Tools (function calling) are where the value lives: the model calls get_order_status(phone) → your backend → CRM/CMS API (Shopify Admin, WooCommerce, delivery tracking, CRM) → the answer is spoken. For standardized access — MCP servers. Outbound scenarios fire on a webhook event (abandoned cart, parcel at the post office, risky order) → a call via the same stack.

Benefits, honestly

24/7 and peak scalability — the agent doesn't choke on Black Friday.
No lost calls = no lost orders — the most direct money effect.
Lower cost per contact on routine requests vs a live operator.
One transcript in the CRM — analytics, QA and training data at once.

Where voice AI does NOT belong

Emotionally complex / conflict calls — a human is needed; the agent's job is to escalate gracefully.
Low call volume — the integration won't pay off. Honestly: don't.
Dirty CRM data — voice will just announce your mess more loudly.
Legally/medically sensitive topics — not without a human.

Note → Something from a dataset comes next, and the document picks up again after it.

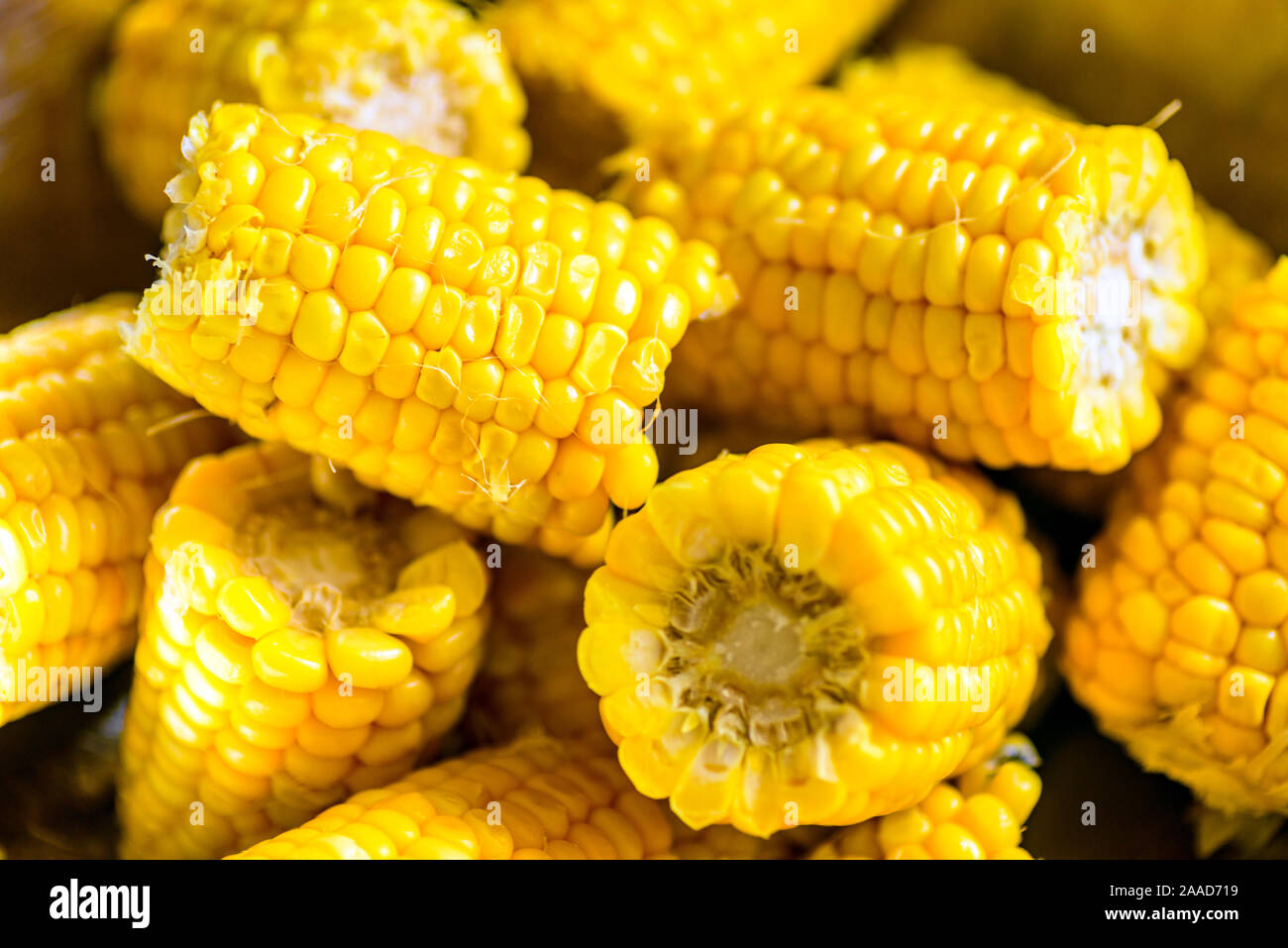 Corn on the cob in a bowl cooked Stock Photo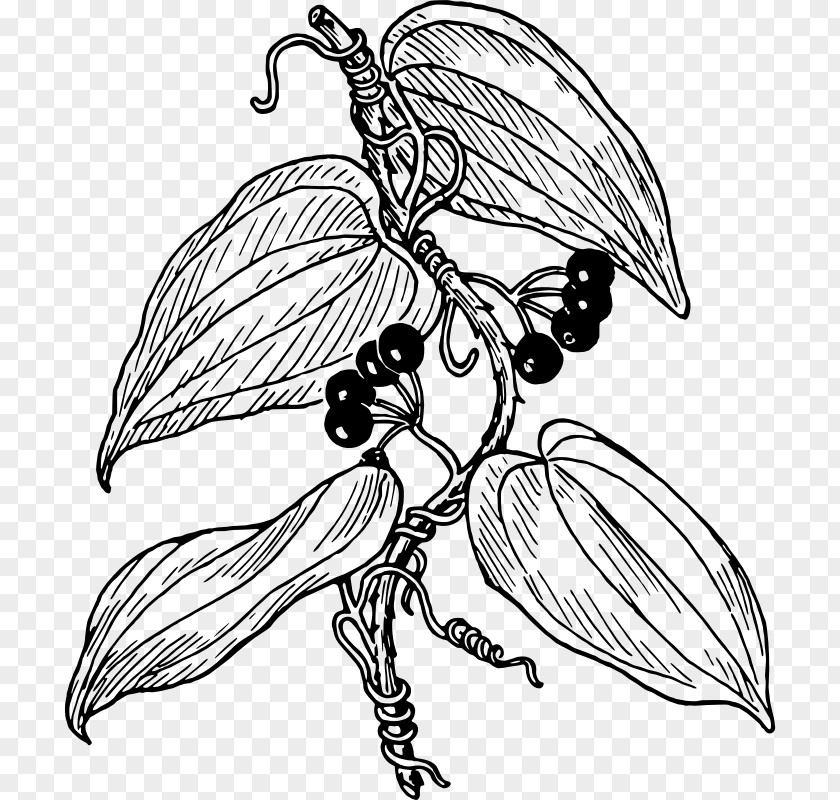 Herbaceous Visual Arts Drawing PNG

The full article was published on DOU (in Ukrainian): dou.ua/forums/topic/60031.

Does voice AI pay off for a small online store?

It pays off where there's a volume of repetitive requests (status, returns, FAQ) and clean CRM data. If you get a few calls a day, the integration won't pay off — and we say so honestly.

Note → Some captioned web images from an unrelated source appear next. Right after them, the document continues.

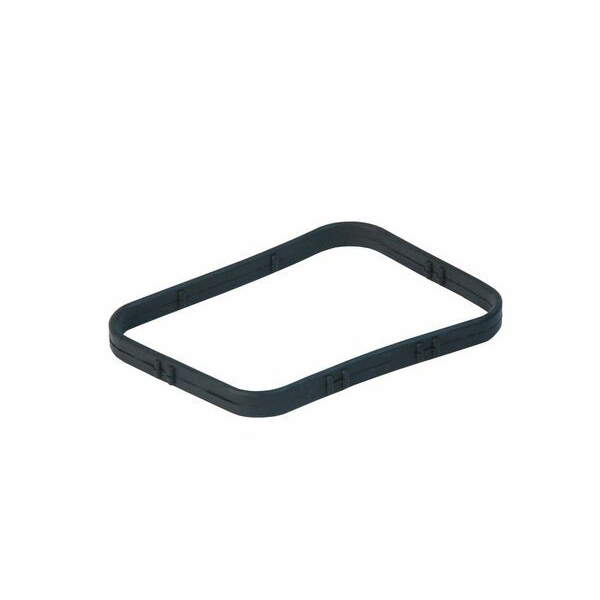 Thermostat Seal
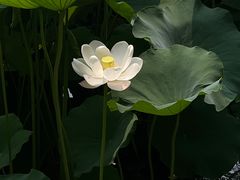 -桂湖森林公园
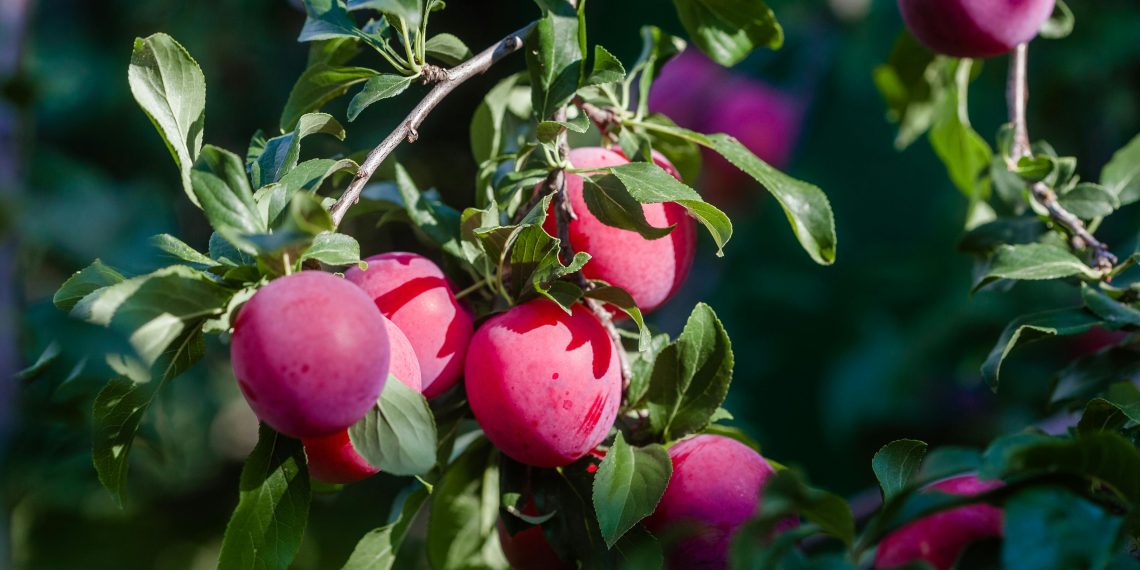 Photo by Julia Filirovska: https://www.pexels.com/photo/close-up-of-plums-8245892/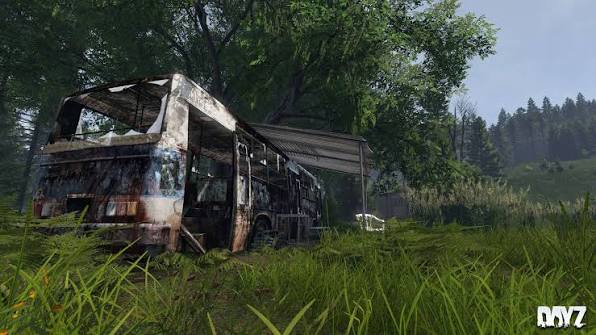 Dayz Image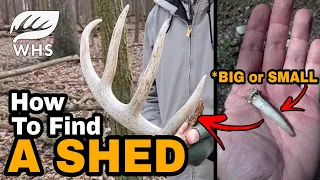 How to Find A Shed Antler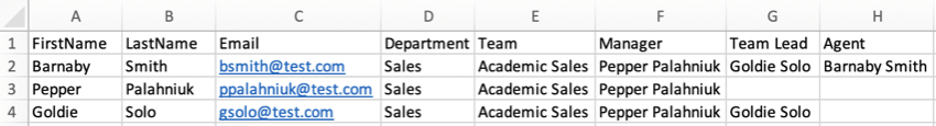 rows and columns of data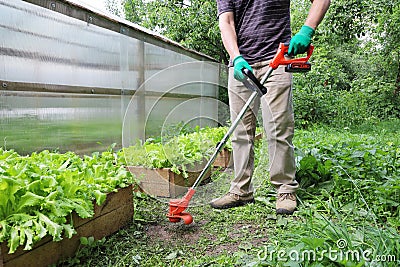 Portable trimmer for cutting grass and undesirable plant in hands of person In action Stock Photo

Which model is best for the Ukrainian language?

For Ukrainian a cascaded approach (STT → LLM → TTS) usually wins: a strong STT (Whisper, Google Chirp, Azure, Soniox cover Ukrainian) plus a TTS with Ukrainian support (ElevenLabs, Respeecher). Realtime models don't yet offer strong native Ukrainian voices.

Will voice AI replace support operators?

No. The right split is routine to the machine, complex to the human: the agent closes typical requests 24/7 and hands complex cases to an operator with full context (human-in-the-loop).

How do you start an implementation?

With a single scenario (usually "order status"), a ~2-week pilot on real traffic with human escalation from day one. You measure deflection rate and CSAT — if it works, you expand; if not, you wind it down honestly.